I could go to Starbucks. It’s almost on the way home, less than a block from Sarah’s Back Bay condo, but I opened this morning and sat at a table once I got off shift until I had to leave for school at five. I literally sat there all day, and now I’d go back to do what, to stew? After all, who would I talk to? I’ve been there three months, but I’m not really friends with anyone. I go to work, I do homework, I play World of Warcraft; that’s me condensed. And when I got home, what? Sarah will already have gone to bed, not that I’ve joined her in months, and I’d stay up all night—til four, maybe five, maybe six—playing World of Warcraft, trying not to talk on the microphone so that I can relish in secret human contact in my home.
The churches at Berkeley Street, the Lutheran one with the homeless person (gender unidentifiable; I default to male) in the wool coat that I pass every night as I sing along to my iPod, so separate from his condition and just as vague a character to him as he is to me—but I’m not listening to music tonight, fuming instead; tonight, for the first time, he watches me, but I don’t mind—and the other one with the largely ignored cement hole. Clarendon, the rundown yard with the painted-black metal staircase and the door to the garden. The Newbury Street sidewalks, bricks that speak of old money, the townhomes broken into condos that lament the money’s loss. The plasma screens, shining vibrant blues and greens off beige walls, reflected off faux crystal chandeliers except that one home with the library, the dusty old tomes and the ladder on the right side; their crystal shines legit, reflecting white light off white walls.

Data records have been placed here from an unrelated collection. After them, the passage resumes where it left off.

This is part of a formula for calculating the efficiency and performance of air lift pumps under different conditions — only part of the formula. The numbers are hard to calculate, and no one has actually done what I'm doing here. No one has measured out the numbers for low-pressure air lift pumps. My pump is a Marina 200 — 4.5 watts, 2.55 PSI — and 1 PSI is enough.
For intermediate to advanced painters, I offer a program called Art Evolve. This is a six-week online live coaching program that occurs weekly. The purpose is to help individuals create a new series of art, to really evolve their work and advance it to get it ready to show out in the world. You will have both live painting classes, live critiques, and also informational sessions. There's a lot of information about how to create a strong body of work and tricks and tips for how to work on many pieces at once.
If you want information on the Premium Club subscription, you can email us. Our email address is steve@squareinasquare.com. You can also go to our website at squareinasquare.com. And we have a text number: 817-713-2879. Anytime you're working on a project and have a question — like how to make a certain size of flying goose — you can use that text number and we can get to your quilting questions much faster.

But I have a friend at Starbucks, Ashley. But not quite a friend. She’s attracted to me, she told me so. Why would I call her? For an ego fest, so I can gain some pride off of how attractive she finds me? I don’t think so. I told her that rainy day that she walked me to Emerson that I wouldn’t turn her into a ’50s cliché, some girl hanging onto a man who says he’ll leave his wife (girlfriend) but never will, and I won’t. We had sat on the steps outside the piano shop, and she had told me that she couldn’t play the piano—not well, anyway. She had looked at me and told me she liked me, confessionally. She waited, seeing what I would do with it. I watched the automatic piano play a tune, and then I rubbed my hand down her cheek and told her that I wouldn’t abuse her. There she is; she is there.

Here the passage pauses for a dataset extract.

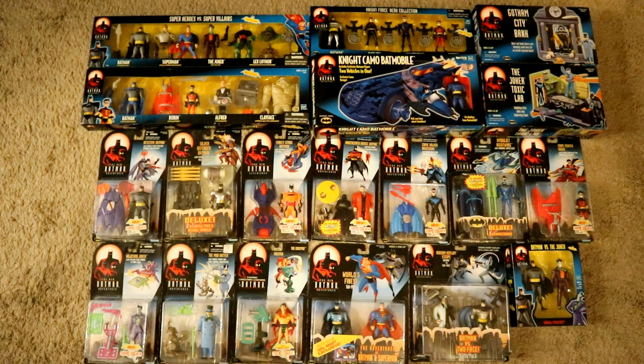Hey everybody, this is D. Hunter bringing in another action figure collection video. This is going to be episode 10 of D. Hunter's complete unopened Batman action figure collection. This is going to focus on Kenner's The New Batman Adventures, but it's not just Kenner — there are also some Hasbro figures here. Pretty much anything under the banner of The New Batman Adventures.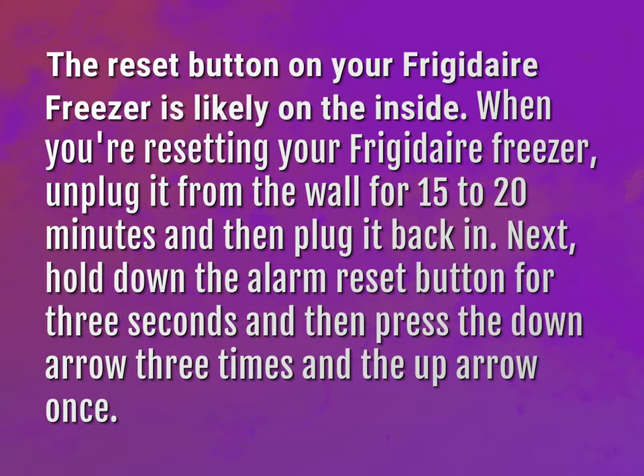The reset button on your Frigidaire freezer is likely on the inside. When you're resetting your Frigidaire freezer, unplug it from the wall for 15-20 minutes and then plug it back in.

She won’t be, though: she told me that the schedule marked her off at eight and it’s almost ten. She’ll have gone home, have left for the day, and I’ll be just as alone and just as forlorn as I feel now.
Call Mani instead. Call Steve. Call Justin and Mom and Dad. Consider calling Allison, and really feel like an asshole. Resent the way Murphy’s law applies to people answering their phones when you actually need human connection.
“Hello?” she asks.
“Hi, Ashley. I’ve got a strange question for you.”

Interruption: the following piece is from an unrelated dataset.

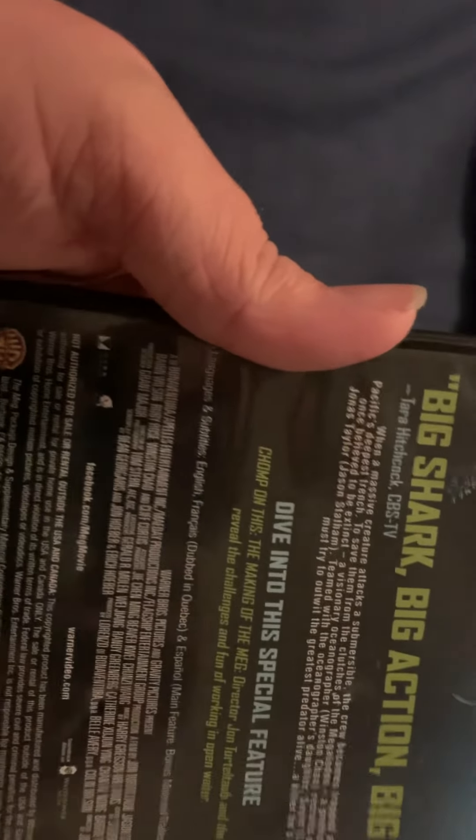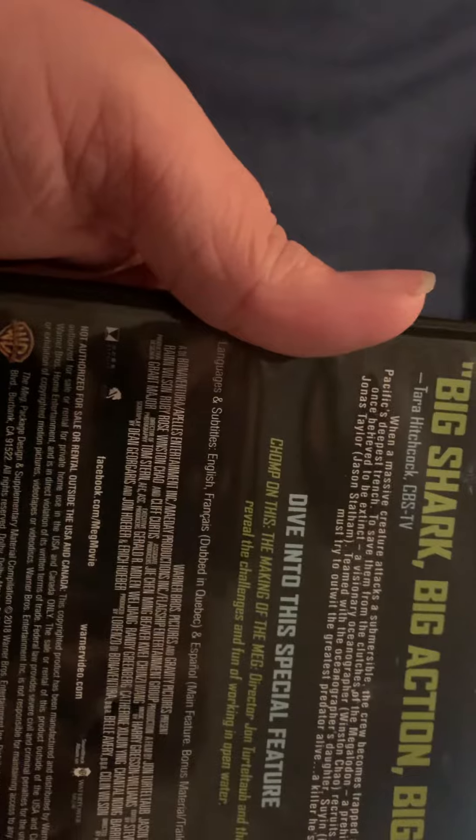Dive into the special features. And let's open it up. So this is what the artwork looks like — it just looks like shark tape. And yeah.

“You wouldn’t happen to still be at Starbucks, would you? I mean, I know you’ve probably left for the day.”
“No, actually. I’m here.” A thrill hits my spine between the shoulders and shivers its way down, the thrill of success; necessity or fortune falling into place I can’t tell, but it doesn’t matter and this is what I wanted, what I needed, to cut short the onslaught of despair. “Someone didn’t show up for their shift, and I stayed late to cover.”
Pause. Blink. Consider.
“I need—” But do I really want to do this to her, to rely on her when I don’t know how things are going to go with Sarah, when I can’t even pin down my feelings for a girl I just met at work, not to mention the girl I’ve loved for four years? Do I really want to be that asshole?
“I need someone to talk to.”
“I’m here.” She laughs, and weight falls away.
“Do you have anywhere you need to be? Do you need to go home?”
“No, I’m here, and I can stay. You should come. I want to listen.”
I turned left and walked down Dartmouth to Boylston, along the broad brick pathway of the private school, across the tree-lined Commonwealth Mall, and passed they dying Newbury Street. If I had gone to Exeter, Sarah might have seen me and asked where I was going. No, I turned left, kicking a pebble in the process.